September 15, 2012|By Paloma Esquivel
  • Police booking photo of Michael Eugene Brewster, the suspected "Bucket List Bandit." Brewster is suspected in a string of bank robberies in which he sometimes told tellers he had cancer.
Police booking photo of Michael Eugene Brewster, the suspected "Bucket… (Roland [Okla.] Police Department )

The man believed to be a serial bank robber known as the Bucket List Bandit -- because he told tellers he had only months to live -- was arrested this week in Oklahoma.

Michael Eugene Brewster, 54, of Pensacola, Fla., was pulled over Thursday on a traffic stop in the small town of Roland near the Oklahoma-Arkansas border; he's suspected of robbing a bank in Erie, Pa., three days earlier. 
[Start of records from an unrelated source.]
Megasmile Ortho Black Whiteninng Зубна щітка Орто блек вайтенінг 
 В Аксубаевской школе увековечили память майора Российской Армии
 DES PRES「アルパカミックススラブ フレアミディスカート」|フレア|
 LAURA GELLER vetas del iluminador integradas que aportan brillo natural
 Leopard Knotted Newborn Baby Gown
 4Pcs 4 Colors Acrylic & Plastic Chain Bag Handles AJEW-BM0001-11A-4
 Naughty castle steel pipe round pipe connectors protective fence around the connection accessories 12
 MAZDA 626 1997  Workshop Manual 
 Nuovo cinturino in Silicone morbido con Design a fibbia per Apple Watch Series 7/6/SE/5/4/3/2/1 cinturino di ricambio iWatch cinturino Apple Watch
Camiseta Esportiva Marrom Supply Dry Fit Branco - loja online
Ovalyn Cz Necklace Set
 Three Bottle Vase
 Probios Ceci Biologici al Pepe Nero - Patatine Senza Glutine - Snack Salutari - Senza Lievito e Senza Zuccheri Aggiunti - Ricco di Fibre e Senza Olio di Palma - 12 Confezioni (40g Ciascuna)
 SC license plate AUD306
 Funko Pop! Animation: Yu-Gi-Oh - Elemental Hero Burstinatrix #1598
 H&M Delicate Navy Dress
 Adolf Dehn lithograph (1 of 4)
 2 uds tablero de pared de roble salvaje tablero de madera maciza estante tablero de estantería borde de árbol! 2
A tipster helped agents identify Brewster before the stop, Special Agent Rick Rains of the FBI’s Oklahoma City office told the Los Angeles Times. A warrant for his arrest had been issued in the Pennsylvania robbery.

Brewster is suspected of having robbed as many as 10 banks in nine states, according to an FBI news release. The string of robberies began in June in Arvada, Colo. Ultimately, they came to include heists in Flagstaff, Ariz.; Pocatello, Idaho; Roy, Utah, Winston-Salem, N.C.; Chattanooga, Tenn.; Bloomington, Ill.; and Columbia and O'Fallon, Mo.

In some heists, the robber reportedly told tellers he was suffering from cancer. 

The robbery in Erie may have brought an end to the Bucket List Bandit heists. A confidential informant offered the FBI a name and birth date of the suspect, and a teller there picked Brewster's photo out of a lineup, according to the Associated Press. Authorities then found an "obvious likeness" between Brewster and a man seen in surveillance video at the nine other robberies.

“We knew this was our person; we just didn't know who was going to be lucky enough to get ahold of him,” Bloomington police Chief Randall McKinley told the AP.

That appears to have happened during the traffic stop in Oklahoma. Police determined that the vehicle driven by Brewster was stolen in Florida -- and that it had a fake Utah license plate. Then, one thing led to another.

The arrest was made without incident, authorities said, and Brewster is now being held in Oklahoma pending court proceedings in Pennsylvania.

No one was hurt in any of the robberies and, although Brewster allegedly told tellers he had a weapon, one was never seen.